Iris’s claim was quite unusual in that she was not exposed to asbestos dust during her employment. Iris predominantly worked in retail and had no known exposure to asbestos dust during her employment.

I also discussed Iris’s family history and her schooling and we were able to rule out any secondary exposure from family members working with asbestos dust or any exposure to asbestos dust whilst she was at school. The only exposure to asbestos dust which Iris could recall happened whilst she was living in a Council property owned by Watford Borough Council.

Exposure to asbestos dust

Iris began living in the property in Thorpe Crescent, Watford, in approximately 1962. Whilst living in the property, major renovation work was undertaken by the Council. This involved removing the kitchen and bathroom and putting a boiler in.

Iris gave a detailed description of the work undertaken by the workmen employed by Watford Borough Council. Iris was very meticulous and tidy and therefore could recall how distressed she was at the mess which was left by the Council’s builders. She described dust and dirt on every surface and how she had to clean the surfaces and dust down the furniture every day before she was able to prepare the evening meal. After clearing up after the workmen, Iris’s clothes had to be washed as a result of how dusty and dirty the house was.
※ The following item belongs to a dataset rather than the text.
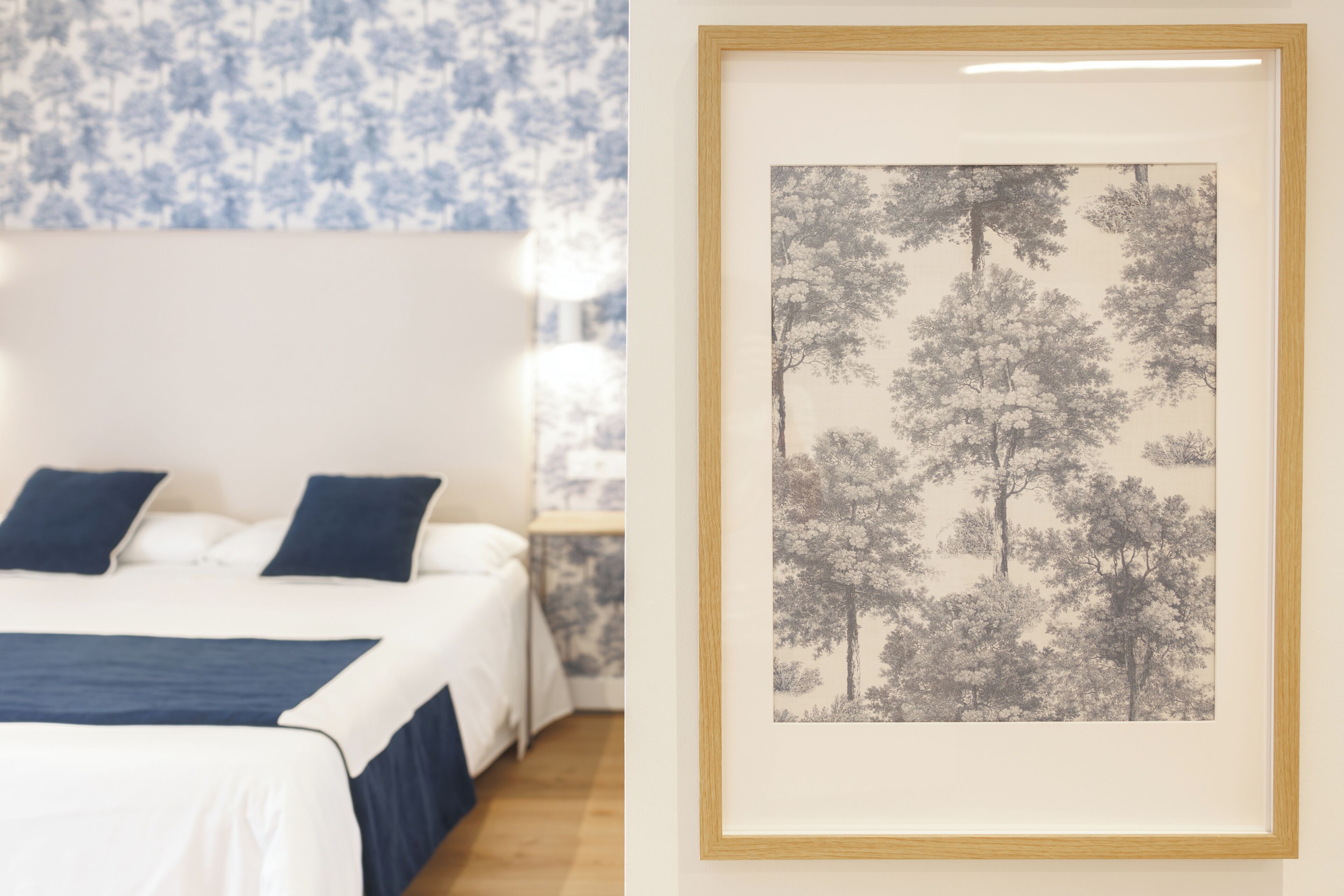 A bedroom with a bed, pillows, a nightstand, and a framed picture on the wall.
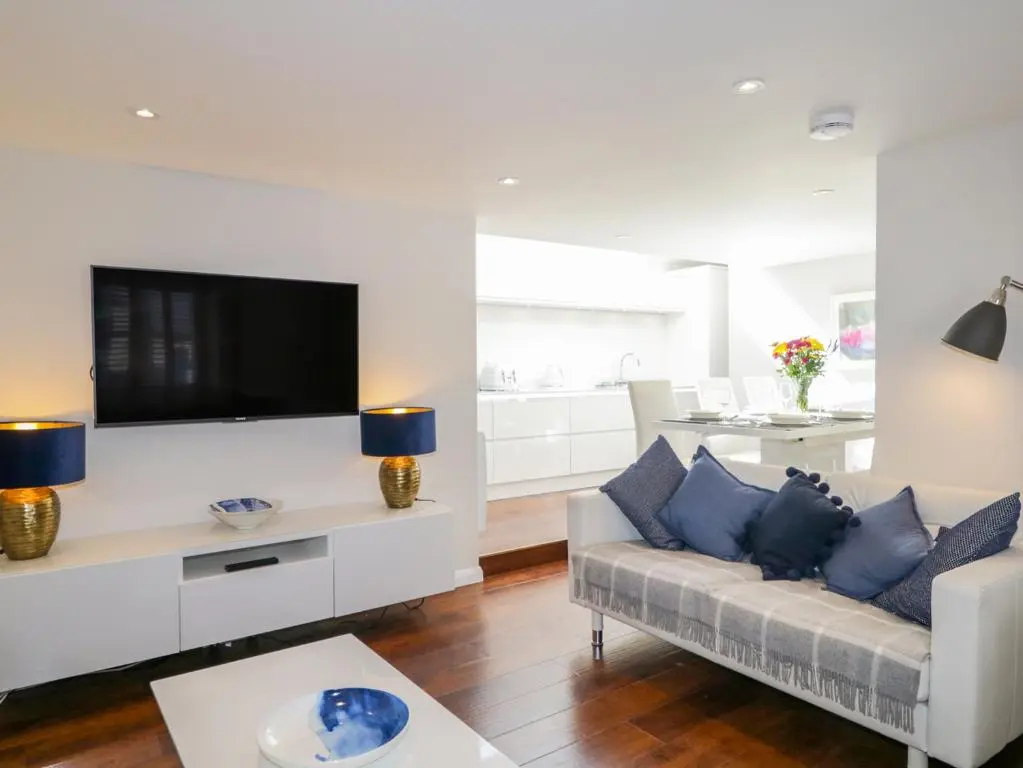 a living room with a couch and a tv at 36 Sandend Village in Banff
Iris described asbestos tiles, a coal boiler with a large asbestos pipe and a step created using cement and asbestos which the boiler was placed on and which was used to seal the pipework. As well as describing the work in the 1960s, Iris went on to describe work undertaken in the early 1980s when the Council’s workmen came back to put in central heating. The asbestos step was smashed out and the boiler removed as central heating was put into the house.

Iris was again able to describe how dirty and dusty the property was at the end of every day after the Council’s workmen had been in. Iris cleared up all of the dirt and dust created by Watford Borough Council’s workmen and this was the only exposure to asbestos dust which Iris recalled encountering.

Making a mesothelioma claim

I submitted a claim on behalf of Iris to Watford Borough Council. The Council admitted that they negligently exposed Iris to asbestos dust and agreed to settle her claim. Sadly, Iris passed away shortly before settlement could be reached. I was, however, able to agree a settlement with Watford Borough Council on behalf of Iris’s family of £80,000.

Iris’s exposure to asbestos in her own property is a clear indicator of the fact that asbestos exposure is now less typically found in traditional employments such as asbestos laggers, plumbers, heating and ventilation engineers and carpenters. We are frequently encountering more unusual circumstances of asbestos exposure such as Iris’. Iris’ mesothelioma claim gives hope to many others with mesothelioma that no matter the circumstances of your exposure to asbestos dust, a claim for compensation may still be able to be pursued.